▶ _Data for analysis_:
**********

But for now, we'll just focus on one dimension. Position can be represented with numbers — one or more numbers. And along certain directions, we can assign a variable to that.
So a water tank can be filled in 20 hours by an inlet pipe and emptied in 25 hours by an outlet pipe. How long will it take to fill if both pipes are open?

**********

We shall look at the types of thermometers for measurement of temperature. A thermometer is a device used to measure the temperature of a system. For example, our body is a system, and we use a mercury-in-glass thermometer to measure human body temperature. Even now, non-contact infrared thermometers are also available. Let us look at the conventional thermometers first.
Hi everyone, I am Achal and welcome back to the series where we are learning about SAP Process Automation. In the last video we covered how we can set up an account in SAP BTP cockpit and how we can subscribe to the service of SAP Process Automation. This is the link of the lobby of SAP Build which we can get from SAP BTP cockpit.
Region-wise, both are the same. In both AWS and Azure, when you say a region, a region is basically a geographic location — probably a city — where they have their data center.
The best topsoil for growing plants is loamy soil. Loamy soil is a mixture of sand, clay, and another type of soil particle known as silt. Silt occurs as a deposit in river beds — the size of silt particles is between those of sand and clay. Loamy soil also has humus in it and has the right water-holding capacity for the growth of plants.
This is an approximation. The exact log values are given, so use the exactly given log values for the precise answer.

**********

▶ _Exercise brief_: Among the entries above, copy exactly only the lines starting with the one containing "Region-wise, both are" and going through the one containing "This is an approximation.", both ends included.

▶ _Output below_:
Region-wise, both are the same. In both AWS and Azure, when you say a region, a region is basically a geographic location — probably a city — where they have their data center.
The best topsoil for growing plants is loamy soil. Loamy soil is a mixture of sand, clay, and another type of soil particle known as silt. Silt occurs as a deposit in river beds — the size of silt particles is between those of sand and clay. Loamy soil also has humus in it and has the right water-holding capacity for the growth of plants.
This is an approximation. The exact log values are given, so use the exactly given log values for the precise answer.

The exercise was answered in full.